The problem is, the PGA Championship is the ugly stepsister of the major championships, a little too easy to be the U.S. Open, a little too young to be a British Open and a lack in tradition to be the Masters.
But that doesn't seem fair to the PGA Championship. Here are some reasons why the PGA needs more love.
It's the final major of the year -- When the Masters starts to near each season the entire golf world freaks out, giving up on every sport for an entire week because it's the Masters at Augusta National. The drought between majors is part of the reason this is so important, but if the first major gets that much attention, why shouldn't the last? Players that leave the PGA without a win have eight months to think about what they must do next to snag a major, and that is a lot of time to think, tinker with your golf game and possibly hurt yourself. The PGA being the last major of the year means every player gets on the grounds knowing this is it for the season, and if you can't produce all four days of this week, the offseason is going to be a very long one.
It's becoming a tougher test of golf, which all majors should be -- Throw out that ridiculous performance by Rory McIlroy a season ago at Kiawah Island (David Lynn, who finished second, was at 5-under), and every PGA except one since Oak Hill hosted this event in '03 has finished with a single-digit winner under par. That's good news for both the PGA Championship and the PGA of America, who have worked to make this championship more like the U.S. Open and less like the Humana Challenge. The scores have reflected that, and if Oak Hill plays like they want, four or five-under should be a good winning number come Sunday.
It started out as a match play major -- Now this is one of my biggest problems with the PGA Tour circuit and it bothers me each year at this time, because I feel at least one major should be a match play format.
That said, I still think it is cool that the PGA Championship was match play until 1958, and if money didn't rule all things, it would most likely still be that way.
The unlikely winner angle isn't that bad for golf -- Do you know what is cool about this game? That Tiger Woods can be going for a third major win in a row and the guy he can't seem to shake until the last moment is someone named Bob May. And then years later, Tiger can't overcome guys named Rich Beem or Y.E. Yang, and while we tend to root for the guy going for history, this event brings out the randoms, and that is a unique part to this championship (don't get me wrong, we all know about the likes of Steve Jones and Ben Curtis, but the PGA sure seems to create the unknown winner at a higher rate than any other majors).
While Shaun Micheel winning isn't going to sell out newsstands, the idea of an unknown like that beating the best in the world is great for the underdog in us all.
The Wanamaker Trophy is awesome -- Just look how big that thing is? That would really make for a solid centerpiece in your trophy room.
The drama is just as high as any other major -- The PGA Championship might not have the hype heading in of the other majors, but come Sunday it is just as high, if not higher, than any of the other three.

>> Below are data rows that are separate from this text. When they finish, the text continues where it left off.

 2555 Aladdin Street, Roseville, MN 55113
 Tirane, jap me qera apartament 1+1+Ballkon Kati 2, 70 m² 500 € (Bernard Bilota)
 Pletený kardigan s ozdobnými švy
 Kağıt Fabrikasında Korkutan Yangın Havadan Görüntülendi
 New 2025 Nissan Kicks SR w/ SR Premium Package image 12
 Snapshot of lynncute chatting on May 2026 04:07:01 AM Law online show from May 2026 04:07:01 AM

Just take a second to look at the last five PGA Championships if you want drama. Last year we had Rory going for history, still cool if you don't mind a potential legend adding a second blowout to his major resume. The year before that was Keegan Bradley making clutch putt after clutch putt to beat Jason Dufner in a playoff, and just three years ago was that ridiculous "bunker that wasn't a bunker" situation with Dustin Johnson.

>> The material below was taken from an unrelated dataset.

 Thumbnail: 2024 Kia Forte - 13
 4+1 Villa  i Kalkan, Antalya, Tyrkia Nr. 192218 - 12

We saw Y.E. Yang hit one of the best hybrids ever on the 72nd hole to close out Tiger Woods, and Padraig Harrington adding a second straight major by squeezing past a red-hot Sergio Garcia in '08.
It's smart that this tournament airs on TNT, because this major knows drama.
It's still a major -- Yep, this one might be obvious, but win this thing and you'll never have to worry about money again. Ask Tom Watson and Arnold Palmer which golf tournament they regret not winning the most and both would say this one, and just because there is no jacket, or entire country behind it doesn't mean it isn't just as tough to win as the other three.